> _PROBLEM TO SOLVE_: Your answer must be one number: the count of lines below that hold the word "view".

> _WORKING DATA_:
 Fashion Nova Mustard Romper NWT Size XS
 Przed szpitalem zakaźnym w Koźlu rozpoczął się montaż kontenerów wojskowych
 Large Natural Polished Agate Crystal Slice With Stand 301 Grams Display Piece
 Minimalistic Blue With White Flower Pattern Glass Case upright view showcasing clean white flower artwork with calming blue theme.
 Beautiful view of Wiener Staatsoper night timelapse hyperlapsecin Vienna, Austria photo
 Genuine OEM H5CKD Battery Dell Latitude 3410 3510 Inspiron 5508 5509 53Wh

==

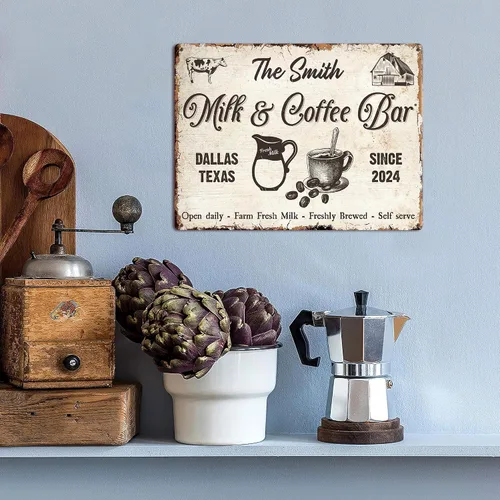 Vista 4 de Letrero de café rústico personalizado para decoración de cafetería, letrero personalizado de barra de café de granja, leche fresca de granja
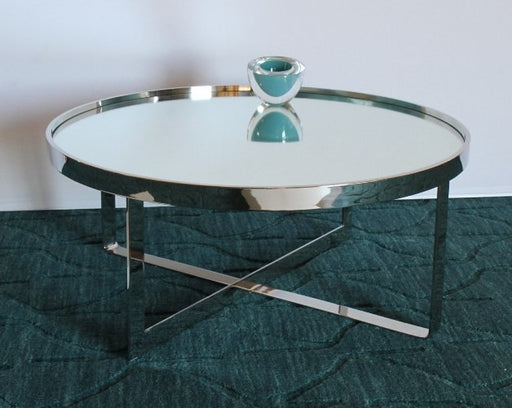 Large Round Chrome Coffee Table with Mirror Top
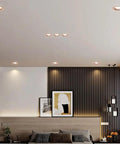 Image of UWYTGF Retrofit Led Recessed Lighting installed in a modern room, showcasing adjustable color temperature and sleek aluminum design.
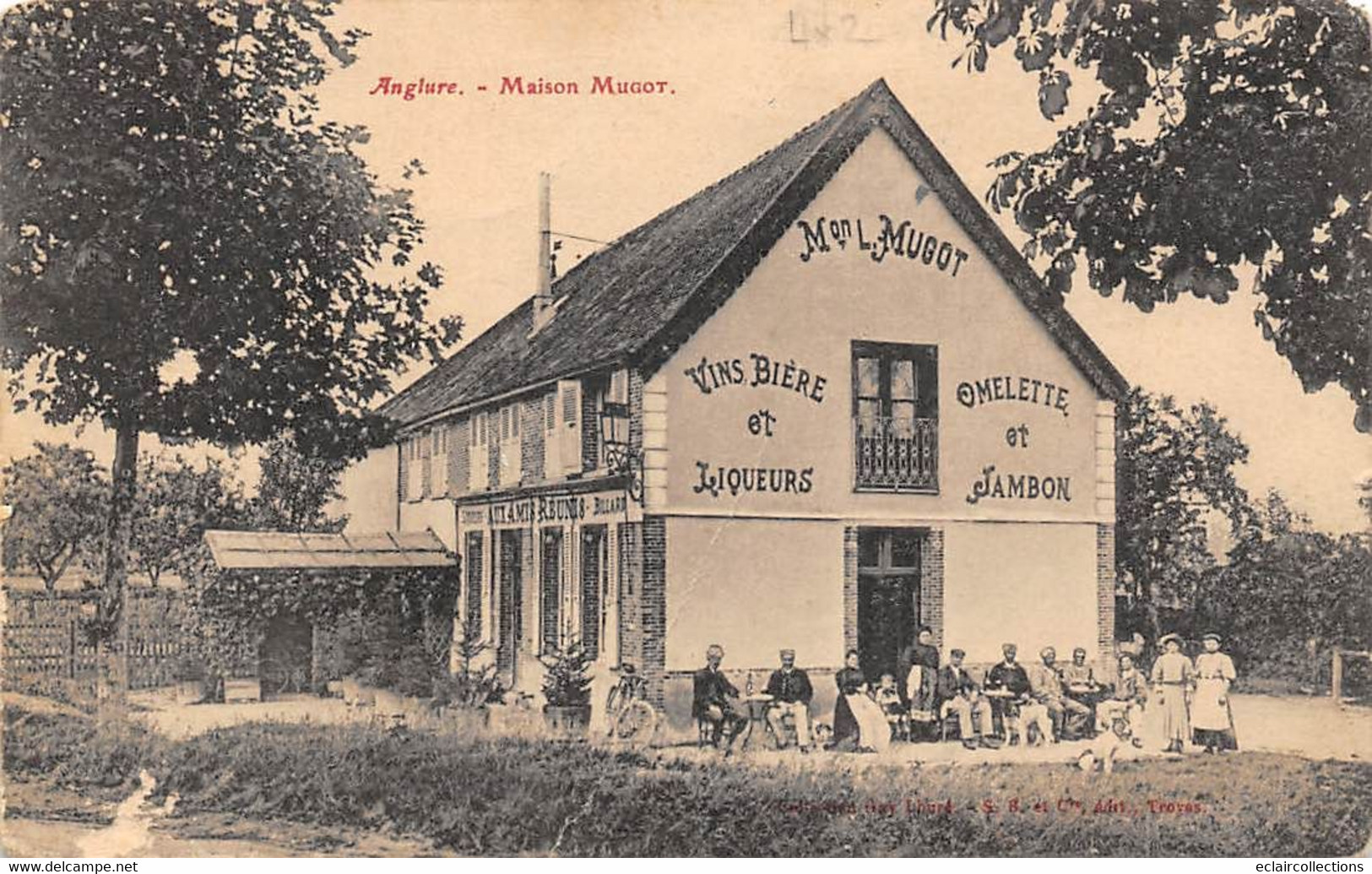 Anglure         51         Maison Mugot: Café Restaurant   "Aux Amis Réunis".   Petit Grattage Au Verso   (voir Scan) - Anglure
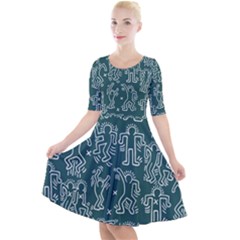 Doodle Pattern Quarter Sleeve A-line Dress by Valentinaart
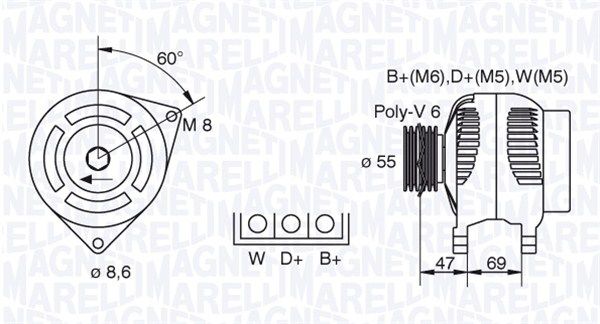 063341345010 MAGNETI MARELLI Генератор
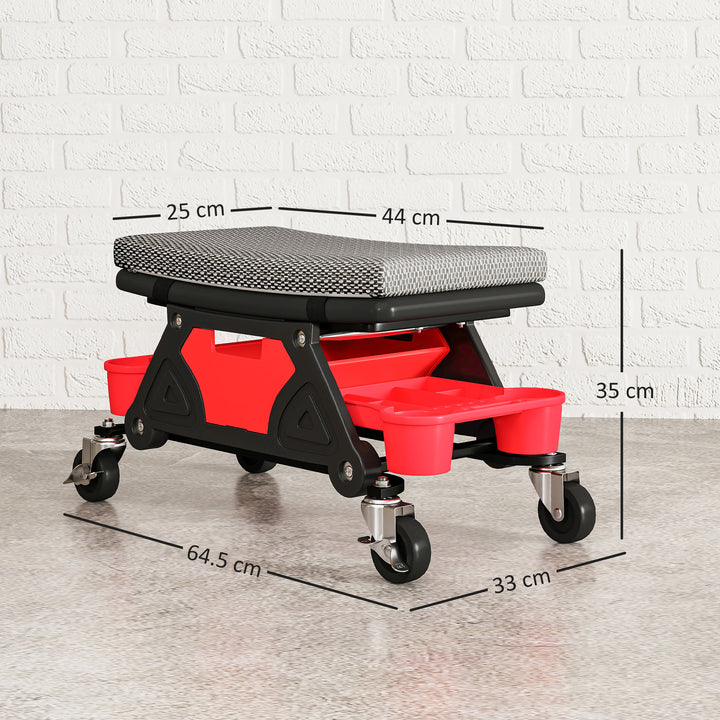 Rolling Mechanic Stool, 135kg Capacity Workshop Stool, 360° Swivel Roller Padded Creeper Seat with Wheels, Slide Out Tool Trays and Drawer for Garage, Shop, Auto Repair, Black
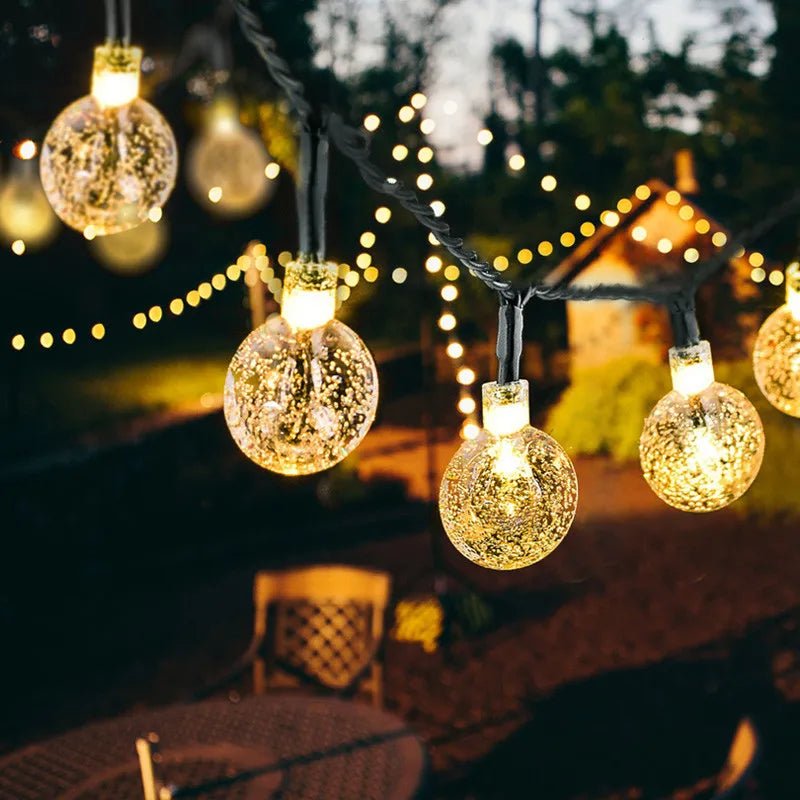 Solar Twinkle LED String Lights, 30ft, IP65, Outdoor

---

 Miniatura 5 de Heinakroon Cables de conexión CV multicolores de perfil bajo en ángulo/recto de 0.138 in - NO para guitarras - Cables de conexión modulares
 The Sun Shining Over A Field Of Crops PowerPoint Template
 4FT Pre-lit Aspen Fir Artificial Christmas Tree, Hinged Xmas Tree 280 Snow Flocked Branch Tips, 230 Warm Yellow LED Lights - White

> _EXERCISE ANSWER_: 2